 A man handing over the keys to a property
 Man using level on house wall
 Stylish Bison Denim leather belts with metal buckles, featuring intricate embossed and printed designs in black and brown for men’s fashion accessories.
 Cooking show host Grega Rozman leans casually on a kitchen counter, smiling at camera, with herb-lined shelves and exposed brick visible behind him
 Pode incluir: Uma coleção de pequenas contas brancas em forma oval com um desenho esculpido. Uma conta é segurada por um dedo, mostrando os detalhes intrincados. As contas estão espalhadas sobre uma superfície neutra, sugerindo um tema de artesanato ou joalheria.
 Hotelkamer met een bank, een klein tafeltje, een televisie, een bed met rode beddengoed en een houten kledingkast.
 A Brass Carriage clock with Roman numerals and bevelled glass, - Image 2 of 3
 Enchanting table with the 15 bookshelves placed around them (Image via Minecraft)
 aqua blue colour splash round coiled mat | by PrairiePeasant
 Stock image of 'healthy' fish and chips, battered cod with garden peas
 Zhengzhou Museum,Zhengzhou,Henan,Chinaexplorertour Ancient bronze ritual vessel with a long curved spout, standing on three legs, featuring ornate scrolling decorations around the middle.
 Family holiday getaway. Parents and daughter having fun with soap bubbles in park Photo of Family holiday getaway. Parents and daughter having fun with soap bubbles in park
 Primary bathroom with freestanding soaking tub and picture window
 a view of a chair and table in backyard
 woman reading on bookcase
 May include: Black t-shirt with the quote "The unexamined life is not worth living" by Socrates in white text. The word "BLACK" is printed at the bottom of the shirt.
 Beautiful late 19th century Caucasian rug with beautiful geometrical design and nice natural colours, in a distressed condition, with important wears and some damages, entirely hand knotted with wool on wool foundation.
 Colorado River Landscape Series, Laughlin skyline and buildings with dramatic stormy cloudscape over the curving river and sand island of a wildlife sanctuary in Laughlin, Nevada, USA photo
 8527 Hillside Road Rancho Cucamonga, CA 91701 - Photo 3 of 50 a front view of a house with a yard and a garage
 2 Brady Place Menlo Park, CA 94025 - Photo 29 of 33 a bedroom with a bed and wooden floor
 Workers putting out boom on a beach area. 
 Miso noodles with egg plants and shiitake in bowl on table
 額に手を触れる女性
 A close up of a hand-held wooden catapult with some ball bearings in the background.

^^^^^^^^

Restate the data above word for word. Leave nothing out.

Written reply
 A man handing over the keys to a property
 Man using level on house wall
 Stylish Bison Denim leather belts with metal buckles, featuring intricate embossed and printed designs in black and brown for men’s fashion accessories.
 Cooking show host Grega Rozman leans casually on a kitchen counter, smiling at camera, with herb-lined shelves and exposed brick visible behind him
 Pode incluir: Uma coleção de pequenas contas brancas em forma oval com um desenho esculpido. Uma conta é segurada por um dedo, mostrando os detalhes intrincados. As contas estão espalhadas sobre uma superfície neutra, sugerindo um tema de artesanato ou joalheria.
 Hotelkamer met een bank, een klein tafeltje, een televisie, een bed met rode beddengoed en een houten kledingkast.
 A Brass Carriage clock with Roman numerals and bevelled glass, - Image 2 of 3
 Enchanting table with the 15 bookshelves placed around them (Image via Minecraft)
 aqua blue colour splash round coiled mat | by PrairiePeasant
 Stock image of 'healthy' fish and chips, battered cod with garden peas
 Zhengzhou Museum,Zhengzhou,Henan,Chinaexplorertour Ancient bronze ritual vessel with a long curved spout, standing on three legs, featuring ornate scrolling decorations around the middle.
 Family holiday getaway. Parents and daughter having fun with soap bubbles in park Photo of Family holiday getaway. Parents and daughter having fun with soap bubbles in park
 Primary bathroom with freestanding soaking tub and picture window
 a view of a chair and table in backyard
 woman reading on bookcase
 May include: Black t-shirt with the quote "The unexamined life is not worth living" by Socrates in white text. The word "BLACK" is printed at the bottom of the shirt.
 Beautiful late 19th century Caucasian rug with beautiful geometrical design and nice natural colours, in a distressed condition, with important wears and some damages, entirely hand knotted with wool on wool foundation.
 Colorado River Landscape Series, Laughlin skyline and buildings with dramatic stormy cloudscape over the curving river and sand island of a wildlife sanctuary in Laughlin, Nevada, USA photo
 8527 Hillside Road Rancho Cucamonga, CA 91701 - Photo 3 of 50 a front view of a house with a yard and a garage
 2 Brady Place Menlo Park, CA 94025 - Photo 29 of 33 a bedroom with a bed and wooden floor
 Workers putting out boom on a beach area. 
 Miso noodles with egg plants and shiitake in bowl on table
 額に手を触れる女性
 A close up of a hand-held wooden catapult with some ball bearings in the background.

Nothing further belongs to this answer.